Retype the entries exactly, but skip the pictures.

DATA SHOWN –
= = = =
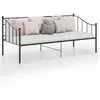 Image de vidaXL Cadre de canapé-lit sans matelas noir métal 90x200 cm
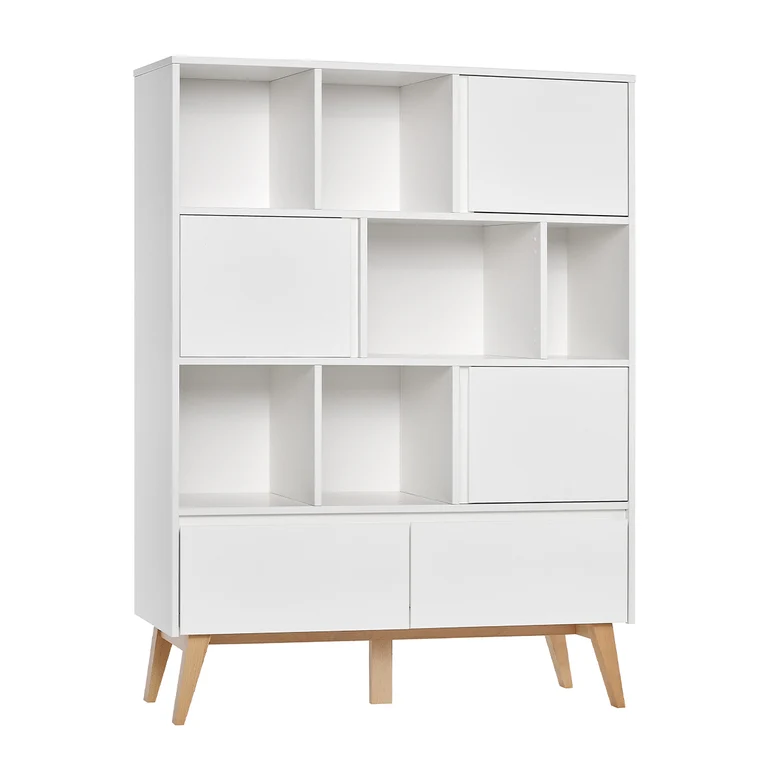 Porte de bibliothèque Pinio Swing - Blanc et bois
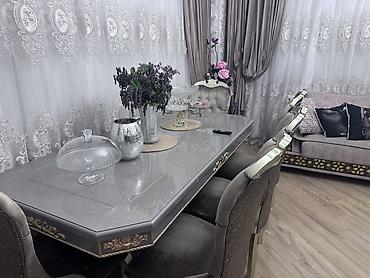мебель для гостиной: Zövqlü qonaq otağı mebeli dəsti - Künc divan: L formalı, parça üzlü — 1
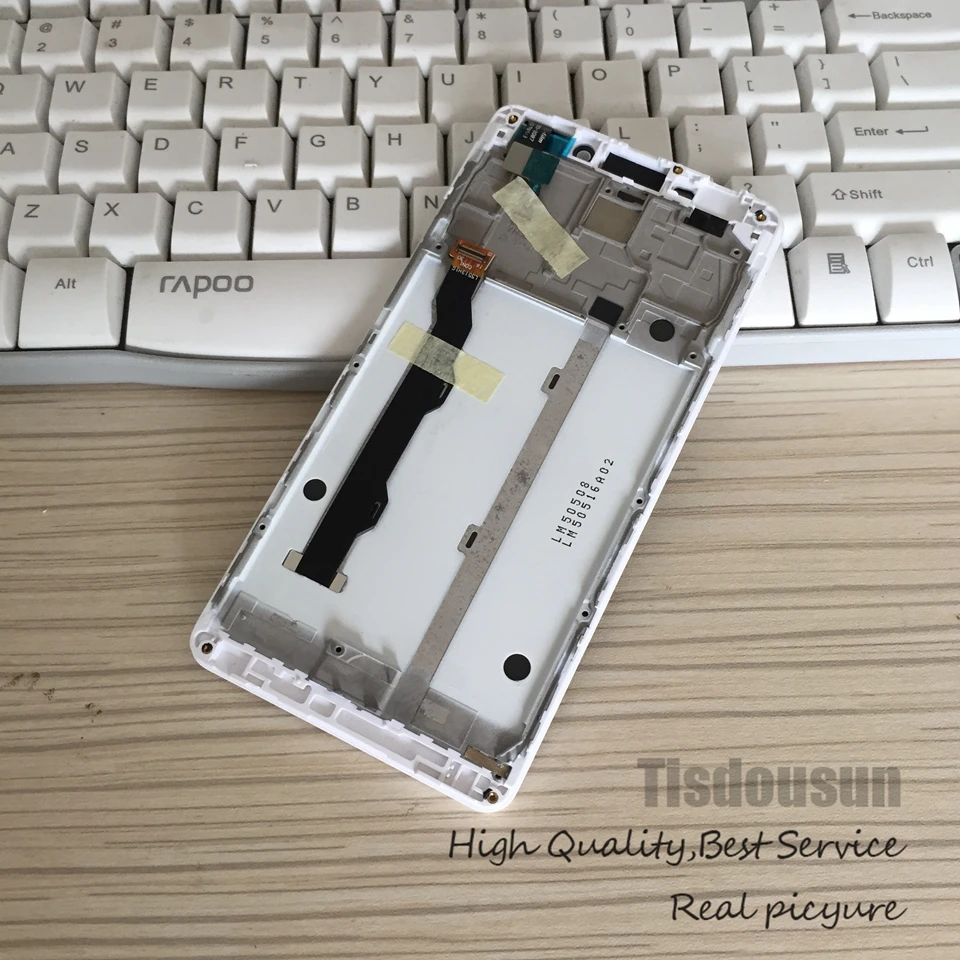 Lenovo A5600 LCD Display With Frame white (13)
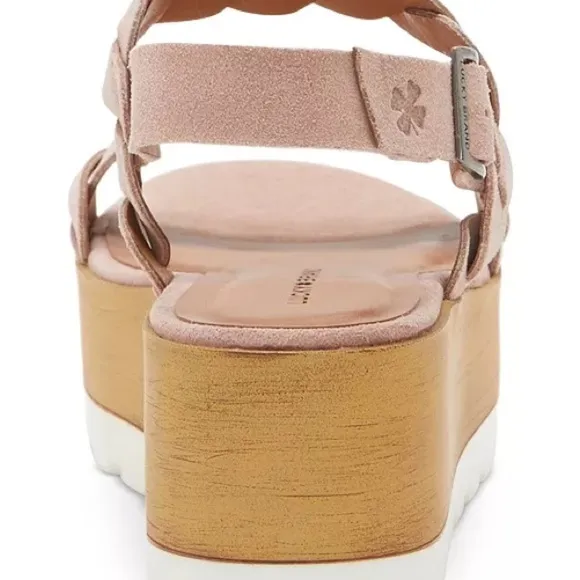 NEW! Lucky Brand Pink Platform Wedge Sandal - Size 8.5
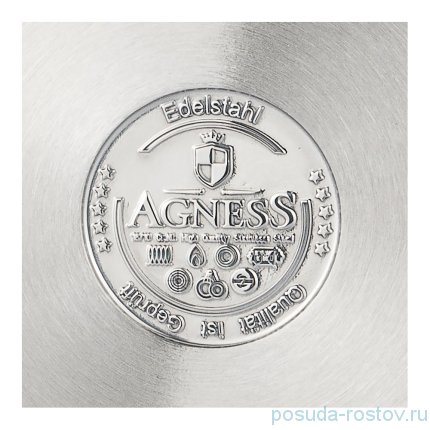 Сотейник 30 х 10 см с крышкой индукционное дно 7 л &quot;Agness Professional&quot; / 211312
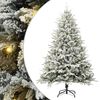 vidaXL Kunst Kerstboom met verlichting Groen 180 cm PVC en PE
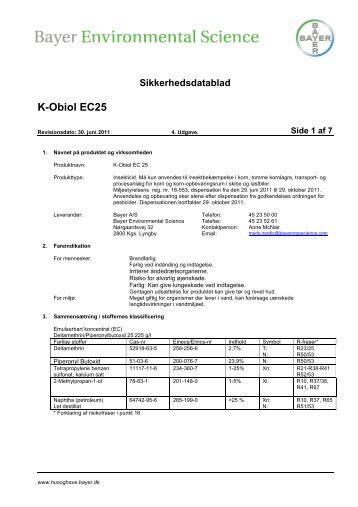 K-Obiol EC25 - Nomus A/S Skadedyrsbekæmpelse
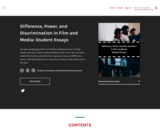 Difference, Power, and Discrimination in Film and Media: Student Essays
= = = =
SOLUTION –
 Image de vidaXL Cadre de canapé-lit sans matelas noir métal 90x200 cm
 Porte de bibliothèque Pinio Swing - Blanc et bois
мебель для гостиной: Zövqlü qonaq otağı mebeli dəsti - Künc divan: L formalı, parça üzlü — 1
 Lenovo A5600 LCD Display With Frame white (13)
 NEW! Lucky Brand Pink Platform Wedge Sandal - Size 8.5
 Сотейник 30 х 10 см с крышкой индукционное дно 7 л &quot;Agness Professional&quot; / 211312
 vidaXL Kunst Kerstboom met verlichting Groen 180 cm PVC en PE
 K-Obiol EC25 - Nomus A/S Skadedyrsbekæmpelse
 Difference, Power, and Discrimination in Film and Media: Student Essays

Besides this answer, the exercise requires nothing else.